Transparency in the State of the Union
Tonight’s State of the Union Address raised even less transparency issues than we expected. (See the text at the end of this post.)
President Obama called for a ban on insider trading in Congress, and proposes to ban lobbyists from bundling contributions, and to ban bundlers from lobbying.
The insider trading ban is a proposal Sunlight has supported, in the form of the STOCK Act, despite some initial misgivings. Congress should create clarity about self-dealing and insider trading, and the President is right to call on Congress to address this issue.
When Obama raised the issue of money in politics in his speech, though, he raises the “corrosive influence of money in politics.” As wrong as insider trading may be, money in politics isn’t about self-dealing. Obama is closer to hitting the mark in raising the issue of bundlers, but unfortunately raises a proposal that’s unlikely to get discussed beyond tomorrow. A ban on lobbying or contributing to campaigns is unlikely to pass Congress, and unlikely to pass muster with the courts. Even if it did, it would do little to mitigate the “corrosive influence of money in politics”, since bundlers are often just the bag men operating at others’ behest. If you’re not getting the Chris Dodds of the world, your lobbying reform plan is probably aiming a little too low.

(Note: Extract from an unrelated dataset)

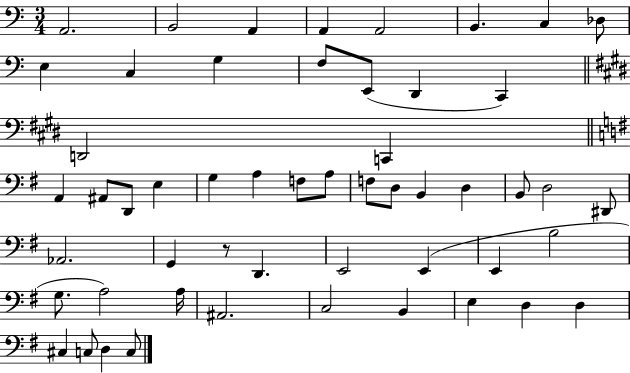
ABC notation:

It’s not clear why Obama is suddenly more interested in bundlers than say, lobbying disclosure (last year’s lobbying SOTU provision), although it’s possible that Obama is raising it because it will become a campaign issue, as Republican candidates have yet to release information about bundlers supporting them, as Obama has.
But this is still disappointing, since it again shows Obama relying on a flawed statutory definition of lobbyist in order to appear opposed to special interests, without actually having to do much.
Worse, though, than the lackluster vision for lobbying reform, is what’s entirely missing from the State of the Union: any mention of the flood of dark money flowing into our elections. As I noted earlier today, Obama spent most of 2010 railing against the Citizens United decision — warning us of the dangers of unlimited and secret contributions, and pushing for a legislative fix.
Since Republicans have blocked that effort, and former White House staffers started a super PAC to help Obama’s re-election bid, Obama has almost completely ignored the issue. It’s apparently too politically awkward to address when he’s the beneficiary of all that dark money he spent 2010 warning us about.
It’s good to have a President willing to raise transparency and money in politics in the State of the Union. But when insider trading and an ill-fated lunge at bundlers are all the vision he has to offer, we have to wonder whether Obama sees his old transparency platform as a political liability, rather than a vision to be perfected and implemented.
Some of this has to do with the corrosive influence of money in politics. So together, let’s take some steps to fix that. Send me a bill that bans insider trading by Members of Congress, and I will sign it tomorrow. Let’s limit any elected official from owning stocks in industries they impact. Let’s make sure people who bundle campaign contributions for Congress can’t lobby Congress, and vice versa – an idea that has bipartisan support, at least outside of Washington.
Some of what’s broken has to do with the way Congress does its business these days. A simple majority is no longer enough to get anything – even routine business – passed through the Senate. Neither party has been blameless in these tactics. Now both parties should put an end to it. For starters, I ask the Senate to pass a rule that all judicial and public service nominations receive a simple up or down vote within 90 days.